我是台灣人,河洛話是我的母語,也是上帝賜給我兩個兒子的母語,這麼樣一個稀鬆平常的語言,在由兒童領會主日崇拜的當天,竟然變成是一場猶如講外國語的表演,成為長輩們歡喜豎起大拇指的禮讚;更尤其是標榜定根本土、我所歸屬的教會,一向自居標準文雅的台語風範,但一往下看到現今的這一代小朋友,母語嚴重式微,我也只有反省承認,我沒有身體力行用母語和我的孩子溝通,也造成他們必須要用注音符號,去記憶他該唸出的母語字音!

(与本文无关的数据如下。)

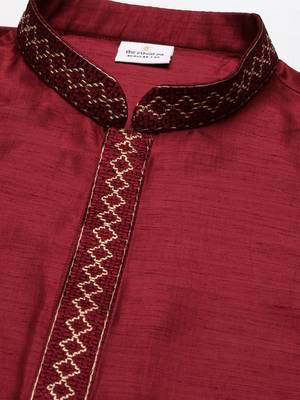 Maroon geometrical embroidery kurtas 2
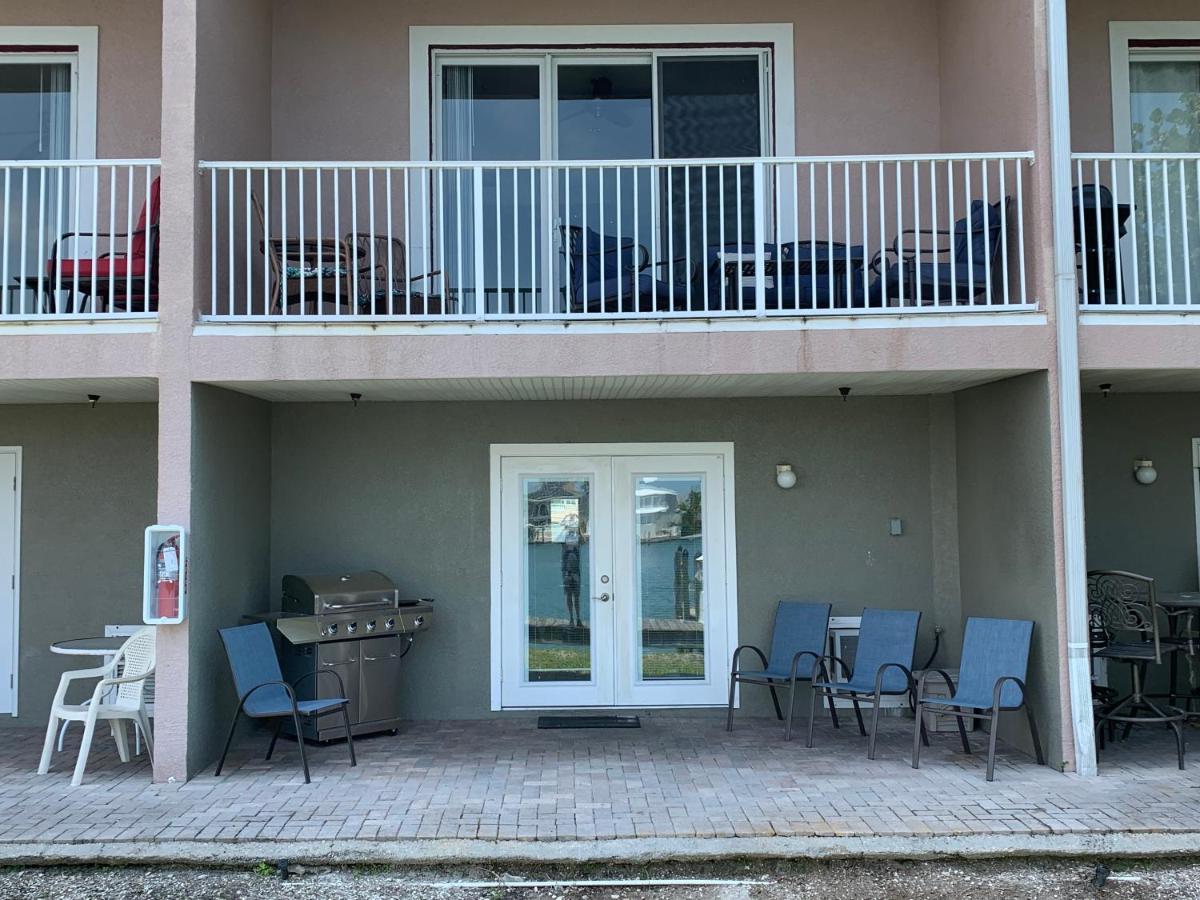Luxury And Spacious Waterside Getaway Клиъруотър Бийч Екстериор снимка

我承認這是我的錯,忽略孩子對母語的認識而使得他們應用母語貧乏;但是,我難填心中的不平,畢竟受國民黨強調「國語」教育,又是在泛藍大軍的台北市裡長大的我來說,其實,我的母語已經被植入成為了四聲的華語;雖然我努力學習優美聲平七音的河洛語,而且也自認現在講得還不錯,表現得出一絲典雅味,然而我的思考用語,卻是永遠跳脫不離平平仄仄的華語。或許我該真的無奈說,我是台灣人,但請原諒我,我的母語是華語。這結語,我相信,已經是豎立擎天的箭靶。